# F/S - R/H Bear Super Kodiak 1971 model



## Al33 (Jun 28, 2009)

I refinished this 60", 45#@28" Kodiak and am putting it up to sell for $225. New string.


----------



## Dennis (Jun 28, 2009)

Nice bow


----------



## PAPALAPIN (Jun 28, 2009)

Al

Nice Job, but that is a '70's model Super K, not a '68 or 69.

68 and 69 were Phenilic risers with rosewood caps.  he Sn would have started wit an 8  or a 9 to designate the year.  In'70, they started with a K and stayed that way for years.


----------



## Al33 (Jun 28, 2009)

PAPALAPIN said:


> Al
> 
> Nice Job, but that is a '70's model Super K, not a '68 or 69.
> 
> 68 and 69 were Phenilic risers with rosewood caps.  he Sn would have started wit an 8  or a 9 to designate the year.  In'70, they started with a K and stayed that way for years.



Hmmmm, I'll take your word for it and change it but I really thought I did a good job on the research, but apparently not.


----------



## FVR (Jun 28, 2009)

That's a Super K alright, hunted with one for over 20 years (same bow).  Sorry I ever sold it.

Picked it up at K Mart in the early 70's for 20 bucks.

Are you up for trades?


----------



## PAPALAPIN (Jun 28, 2009)

AlOn the History and Collecting Forum, there are those that can tell you exactly what year it is by the color of the accent stripe, and the wood in the riser.  I am not that knowledgeable, but I know if it starts with a "K", it is a '70's model.

On all bear bows from '65 throught '69, the first digit is the year in the '60's.  That is about the only period that I know of where you can identify the year by the SN.


----------



## hogdgz (Jun 28, 2009)

Dang I would love to have that bow!


----------



## fountain (Jun 28, 2009)

for a lefty, how do you get so many rh bows???
that is a great looking bow and i bet it shoots just as good


----------



## BkBigkid (Jun 28, 2009)

PAPALAPIN said:


> AlOn the History and Collecting Forum, there are those that can tell you exactly what year it is by the color of the accent stripe, and the wood in the riser.  I am not that knowledgeable, but I know if it starts with a "K", it is a '70's model.
> 
> On all bear bows from '65 throught '69, the first digit is the year in the '60's.  That is about the only period that I know of where you can identify the year by the SN.

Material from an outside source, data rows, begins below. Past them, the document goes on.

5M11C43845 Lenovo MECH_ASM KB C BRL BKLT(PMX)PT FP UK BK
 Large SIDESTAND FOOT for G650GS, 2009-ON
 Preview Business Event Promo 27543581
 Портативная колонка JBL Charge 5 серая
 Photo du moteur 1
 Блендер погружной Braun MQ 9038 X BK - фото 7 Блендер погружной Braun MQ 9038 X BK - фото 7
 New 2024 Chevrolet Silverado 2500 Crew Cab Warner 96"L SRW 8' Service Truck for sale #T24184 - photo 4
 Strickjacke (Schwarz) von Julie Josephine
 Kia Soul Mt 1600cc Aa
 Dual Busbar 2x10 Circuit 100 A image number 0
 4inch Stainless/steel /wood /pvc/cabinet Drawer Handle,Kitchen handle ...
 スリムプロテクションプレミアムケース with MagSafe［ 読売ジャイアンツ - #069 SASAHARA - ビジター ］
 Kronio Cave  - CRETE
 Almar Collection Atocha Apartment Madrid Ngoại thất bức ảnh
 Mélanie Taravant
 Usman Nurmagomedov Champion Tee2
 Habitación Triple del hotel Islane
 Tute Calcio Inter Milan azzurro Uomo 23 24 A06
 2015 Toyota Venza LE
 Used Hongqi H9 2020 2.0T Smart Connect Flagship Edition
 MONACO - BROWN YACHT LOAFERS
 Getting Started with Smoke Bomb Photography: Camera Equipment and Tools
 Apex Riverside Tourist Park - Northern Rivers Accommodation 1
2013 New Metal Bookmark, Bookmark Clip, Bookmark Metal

So if I am reading this right the Bear Polar I picked up the Other day is a 1969 Bow? 

serial Number starts with a 9(letter)##### 
Weight on the Bow just says 29# 
I will have to take some pictures of it, 
it is a sweet Bow and shoots Great


----------



## Al33 (Jun 28, 2009)

fountain said:


> for a lefty, how do you get so many rh bows???
> that is a great looking bow and i bet it shoots just as good



I have several RH bows for folks that want to try traditional archery. I got this one because it needed a heavy duty makeover. Here are a few pic's of what it looked like after I got all the tape and goo off of it and before I took the finish off.


----------



## johnweaver (Jun 29, 2009)

Al,
You did a great job with that bow.


----------



## Apex Predator (Jun 29, 2009)

Yep, fine job on the make-over buddy!


----------



## Al33 (Jun 29, 2009)

johnweaver said:


> Al,
> You did a great job with that bow.





> Yep, fine job on the make-over buddy!
> __________________



Thank you! I have another one I got from schleylures I am looking forward to doing. It's an old BP H30.


----------



## Necedah (Jun 29, 2009)

*Bear Bow*

If there ever was a Golden Age for recurves, it was during the 60's and early seventies before the advent of the compound. Bear, Shakespeare, Wing, and Pearson produced some great bows during this period. 
Al, if this was a Shakespeare Necedah, I would buy it.
Great job on restoring a classic.

Dave


----------



## hogdgz (Jun 29, 2009)

Great work AL. I might just have to try it out this weekend if you still have it!


----------



## Ginger (Jun 29, 2009)

Nice bow! Very nice! I need one but about a 30 to 34.


----------



## Raineman (Jul 2, 2009)

Al, sorry I'm chiming in so late. Thats a 1971 bud. Determined by the wood colors, factory stabilizer insert, flush coin, low KZ serial #. Hope that helps.


----------



## OconeeDan (Jul 2, 2009)

Wow, Al, that is better than pulling a rabbit out of a hat!
Dan


----------



## PAPALAPIN (Jul 2, 2009)

Tolja someone for History & Collecting would nail the date.


----------



## Al33 (Jul 2, 2009)

Raineman said:


> Al, sorry I'm chiming in so late. Thats a 1971 bud. Determined by the wood colors, factory stabilizer insert, flush coin, low KZ serial #. Hope that helps.



Thank you VERY much!


----------